L’intégralité du produit de cette vente est destiné à financer les frais de scolarité des élèves accueillis dans les écoles créées par Kayany au sein des camps de réfugiés syiens dans la plaine de la Beeka au Liban. Songez qu’il y a aujourd’hui 450 000 enfants non scolarisés qui vivent dans ces campements de fortune. Le désœuvrement, l’insalubrité, la menace Daech… leur sort relève aussi de notre responsabilité.

S’agira-t-il de la première école du genre ?
Il en existe cinq à ce jour, mixtes, plus une pour jeune fille créée par la jeune Prix Nobel de la Paix pakistanaise Malala. La scolarité d’un enfant coûte environ 600 dollars par an. Au-delà des seuls cours, l’école que Teach for hope / Syria – L’école de l’espoir / Syrie va participer à financer permettra aux enfants de disposer d’un point d’eau, de vrais repas, de deux uniformes, de chaussures et d’un sac de classe. Même si les musulmans sont majoritaires dans les camps, nous tenions à ce que les leçons soient dispensées dans des classes entièrement laïques. En scolarisant ces enfants ne serait-ce que quelques heures par jour, nous les aidons à atteindre un niveau qui peut leur permettre d’intégrer des écoles libanaises.

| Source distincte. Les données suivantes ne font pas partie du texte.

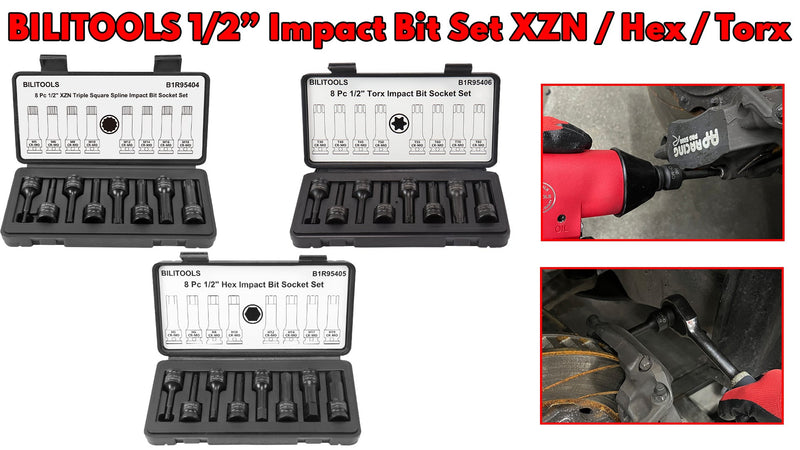 BILITOOLS 8-Piece Impact Torx Bit Socket Set, 1/2 Drive, T30-T80, Cr-Mo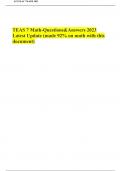 TEAS 7 Math-Questions&Answers 2023 Latest Update (made 92% on math with this document)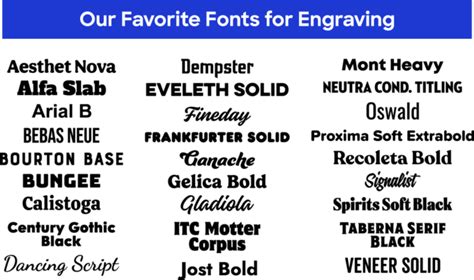 The 27 Best Fonts for Laser Engraving - Custom Ink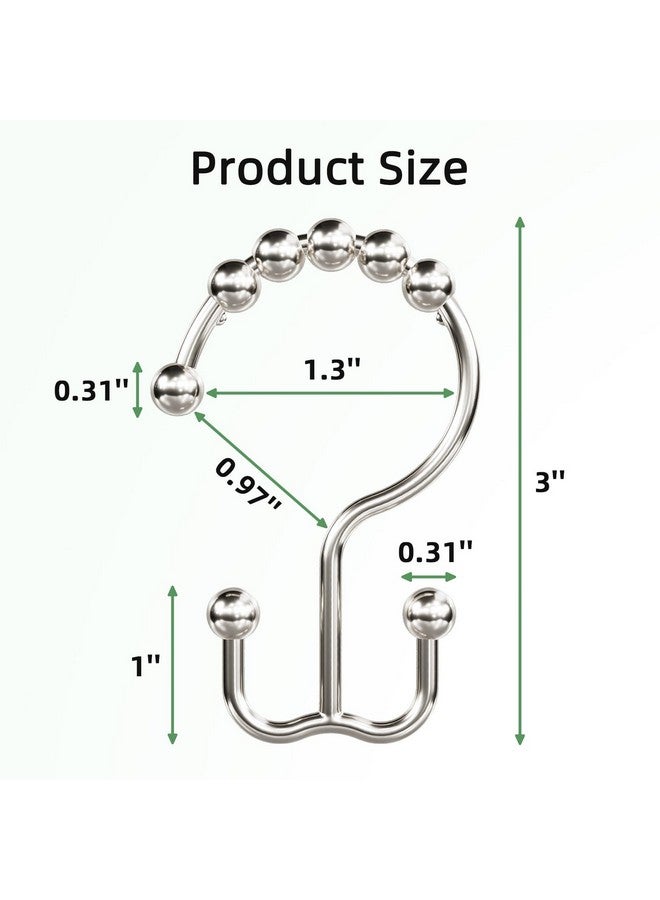 Amazer Amazer Shower Curtain Hooks, Rust-Resistant Metal Double Shower Curtain Rings for Curtain Rolling Shower Hooks, 12PCS Shower Rings for Bathroom Shower Curtain Rod, Nickel  - Image 1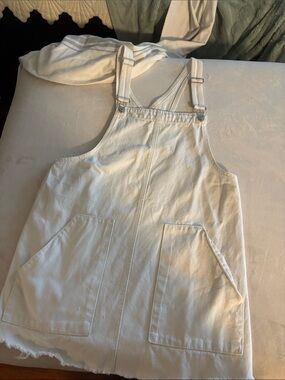 Pull&Bear Cream Denim Overall Dress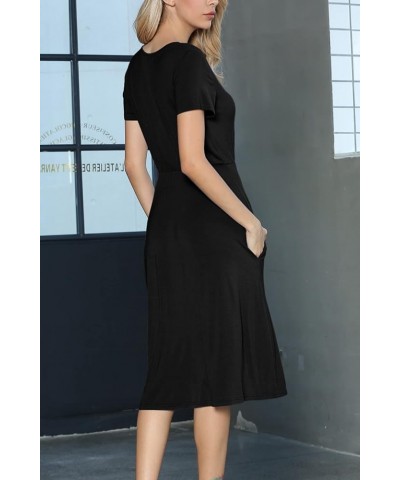 Women's Casual Short Sleeve Striped Swing Midi Dress with Pockets B-226 Black $17.50 Dresses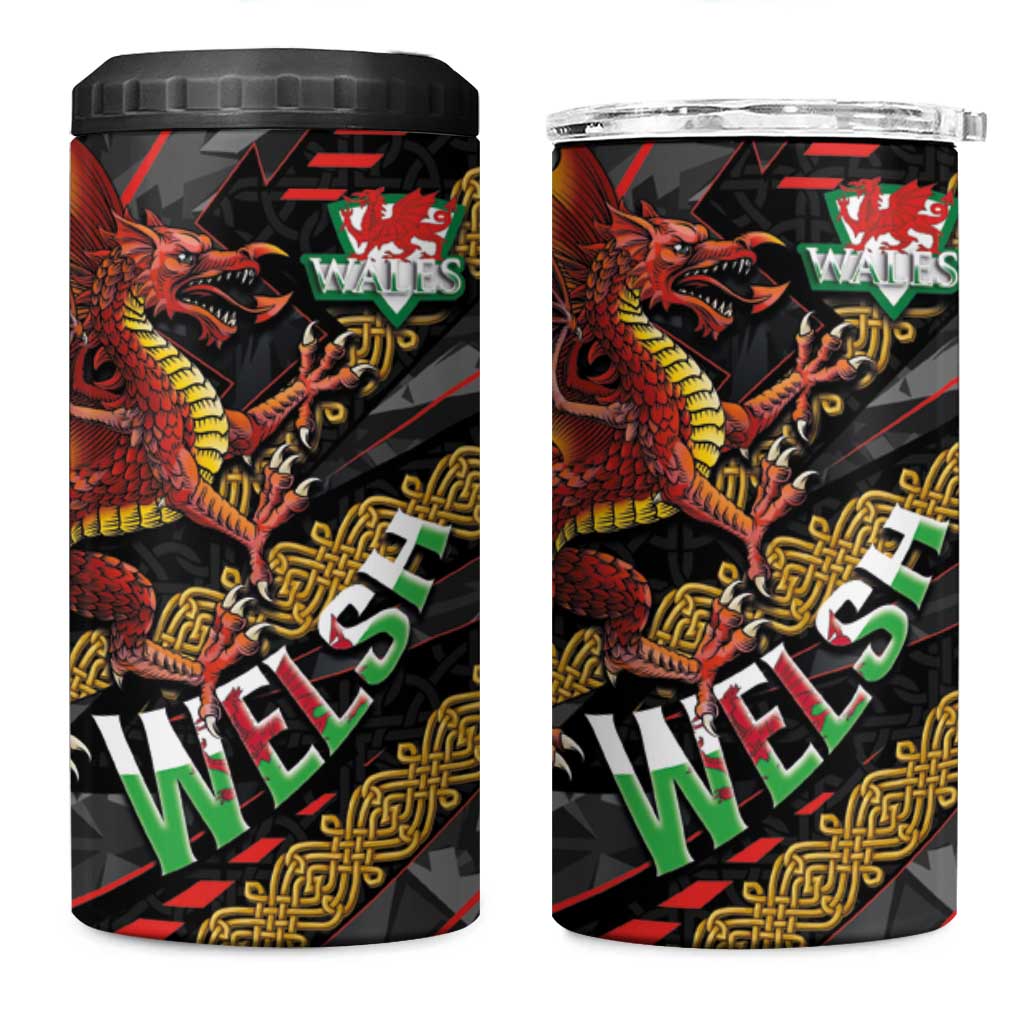 Welsh Celtic 4 in 1 Can Cooler Tumbler Wales Y Ddraig Goch with Celtic Knot Sporty - Wonder Print Shop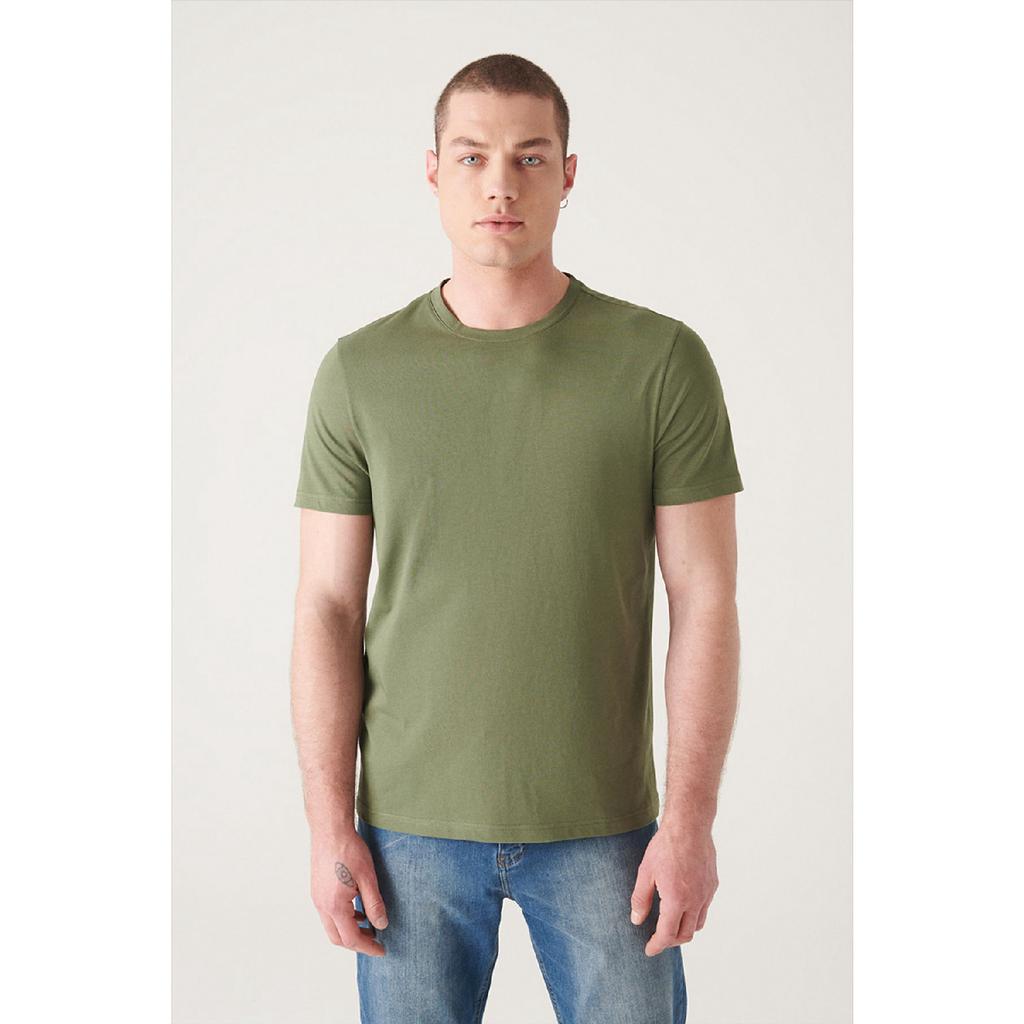 Мужская черная дышащая футболка с круглым вырезом стандартного кроя из 100% хлопка E001000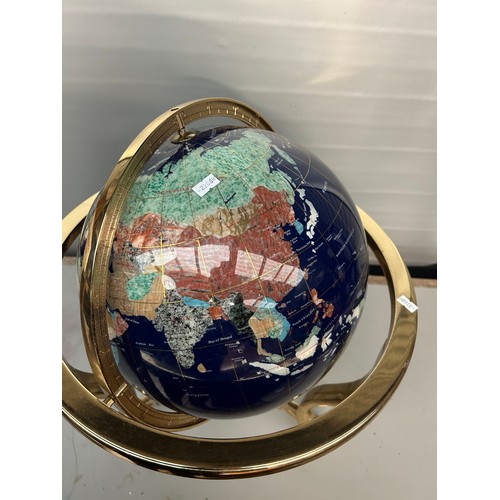 176 - Stunning Gemstone Globe on Brass Stand With Compass Standing 20 Inches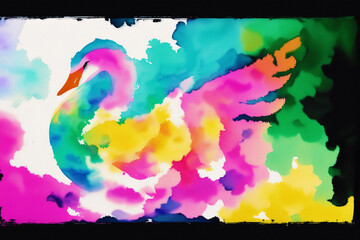 A watercolor painting of a white swan. A colorful painting of a swan. Generative AI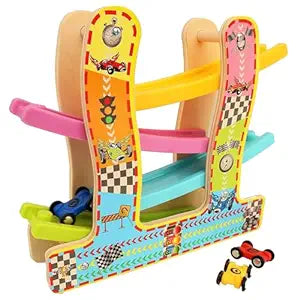 Colorful Wooden Ramp Race Track Car Set with Set of 4 Cars【1 Pc】【Multi-Colored】【100% Safe & Non-Toxic】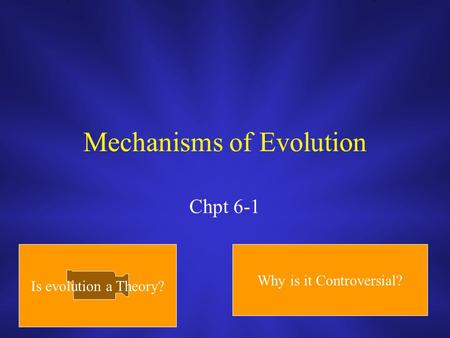 Mechanisms of Evolution Chpt 6-1 Is evolution a Theory? Why is it Controversial?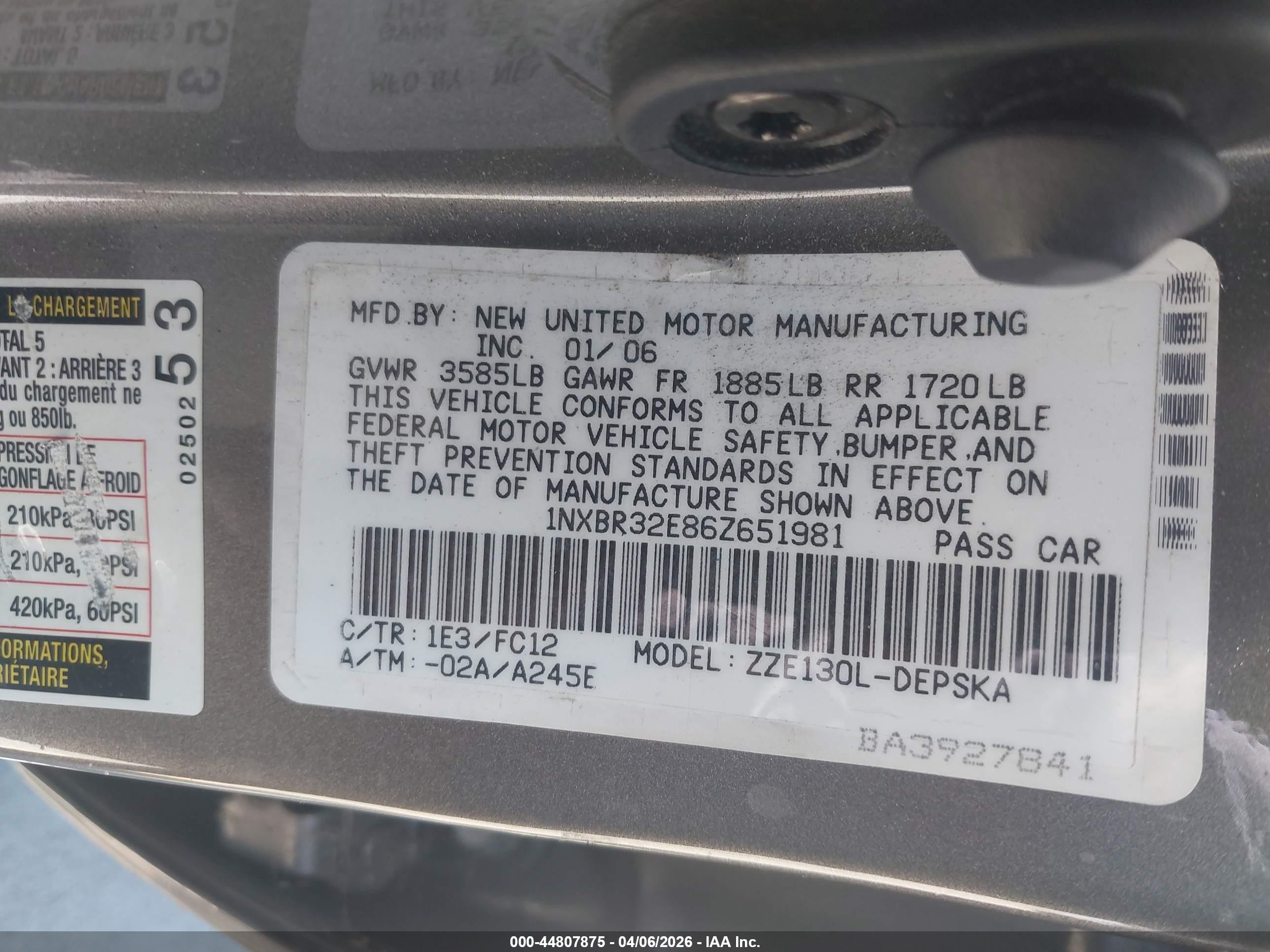 2006 Toyota Corolla S Gray vin: 1NXBR32E86Z651981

Quels bénéfices tirons-nous concrètement en France d’un engagement comme le vôtre ?
Nous sommes tous légitimes à agir car ces drames se déroulent à quelques heures de vol de chez nous. Certes ma démarche est personnelle. Mais si nous n’agissons pas aujourd’hui, que deviendront ces enfants demain ?
Des soldats enrôlés de force par l’État Islamique, des djihadistes ennemis de l’Occident, des migrants rançonnés qui finiront par échouer sur nos côtes ? L’histoire des réfugiés palestiniens au Liban ou en Jordanie nous a montré que le provisoire tend toujours à durer, malgré toutes les bonnes volontés. Aujourd’hui, le Liban et la Jordanie sont asphyxiés et l’Égypte du maréchal Sissi a fermé ses frontières. Même la Turquie d’Erdogan, pourtant rétive à l’idée de devenir une nouvelle terre d’accueil à grande échelle, s’apprête à construire des camps capables de recevoir 70 000 personnes !

En somme : « ouvrez des écoles, vous fermerez des prisons » comme l’écrivait Victor Hugo !
Exactement, mais c’est aussi une histoire d’amitié et de sincérité. À mon échelle, je rends un peu de ce que ces personnes si dignes et cultivées m’ont donné jadis.